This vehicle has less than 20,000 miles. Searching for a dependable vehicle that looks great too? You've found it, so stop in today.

--

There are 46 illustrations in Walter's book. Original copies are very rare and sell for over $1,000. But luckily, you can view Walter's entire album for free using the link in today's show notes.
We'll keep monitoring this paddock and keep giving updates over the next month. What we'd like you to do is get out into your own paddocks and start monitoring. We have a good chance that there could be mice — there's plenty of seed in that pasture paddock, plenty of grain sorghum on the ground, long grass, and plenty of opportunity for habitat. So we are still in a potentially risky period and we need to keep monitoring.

■ EXERCISE
Show me all lines in the records that contain "over".

■ WORKED SOLUTION
There are 46 illustrations in Walter's book. Original copies are very rare and sell for over $1,000. But luckily, you can view Walter's entire album for free using the link in today's show notes.
We'll keep monitoring this paddock and keep giving updates over the next month. What we'd like you to do is get out into your own paddocks and start monitoring. We have a good chance that there could be mice — there's plenty of seed in that pasture paddock, plenty of grain sorghum on the ground, long grass, and plenty of opportunity for habitat. So we are still in a potentially risky period and we need to keep monitoring.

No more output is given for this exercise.